Question Number 5

This is likely because I’m just being dumb today. I thought with RandomForest, the subsetting happens both at the sample level as well as the feature level. It is this latter additional randomization that led me to think that there are “random splits”. The fact that bootstrapping is happening here is because randomforest is just a bagging algorithm with a decision tree as the base estimator. So I’m not sure if it my understanding that is confused, or if the wording could be better :slight_smile: -Pritam

I think that the question is clear because it starts with “For a given feature” so this is independent of the choice of a feature. “random split” would be opposed to “best split”.

Hi, I don’t fully understand the good answer:

the other answers are clearly wrong, but even if bootstrap=True by default, the other param max_samples=None also and then the training is done with X.shape[0] samples (doc of RandomForest)

I don’t get the hint about some out-of-the-bag samples; only a oob-score is available, but I don’t understand exactly the number or the ratio of oob-samples in the default case.

If someone can enlighten…

I am not sure to which ratio you are referring?. Could you be more explicit?

Maybe this answer can help: out of bag samples are samples not selected due to bootstrapping (sampling with replacement). The theory says that for a large number of samples only 63.2% of unique data samples will be selected (36.8% of the data points will be a repetition of selected samples). The out-of-bag samples are therefore these 36.8% of samples that were not selected and thus not used in the training phase. With an overfitted tree, it is then unlikely that we properly classify these OOB samples.

But I am not sure that your question was related.

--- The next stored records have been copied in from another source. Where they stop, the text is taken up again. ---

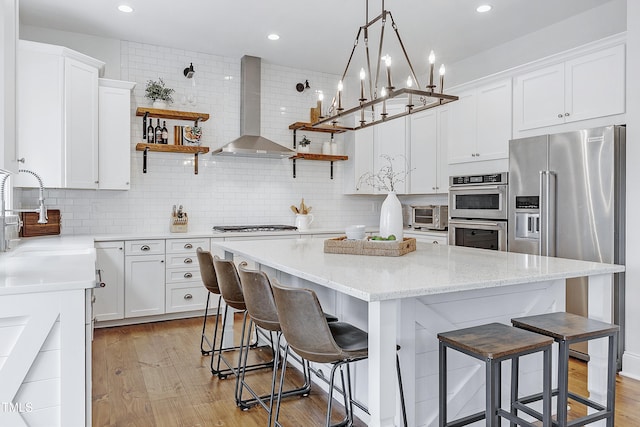 kitchen with wall chimney range hood, open shelves, appliances with stainless steel finishes, and a sink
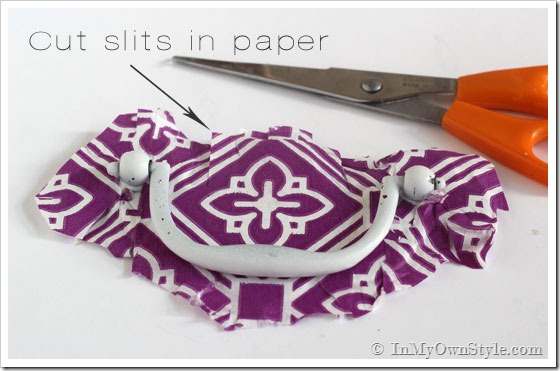 How to update a brass drawer pull using paper napkins. Photo shows how to wrap the pull.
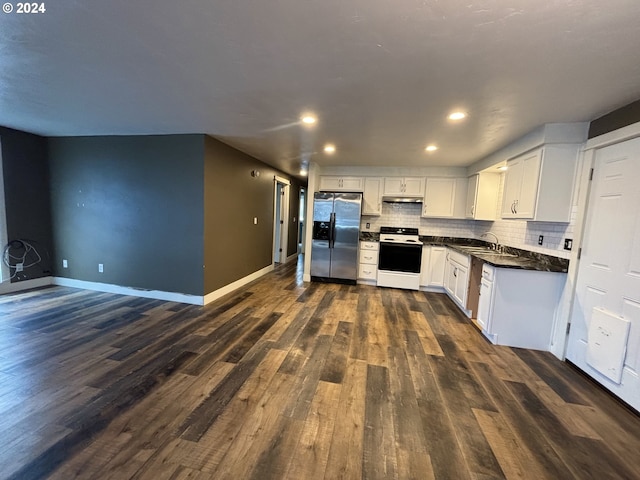 kitchen featuring stainless steel refrigerator with ice dispenser, dark hardwood / wood-style flooring, tasteful backsplash, white range, and white cabinets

Ah, thanks, that’s it indeed.
I thought answer a) was a trap because even with bootstrap=True, the max_samples=None implies that the number of samples is X.shape[0]: I believed it simply takes the whole bunch of samples.
Sorry for that, I forgot that in fact, it’s a draw of the same number of samples but with replacement and the ratio of selected samples corresponds to an occupancy problem.

Many thanks again!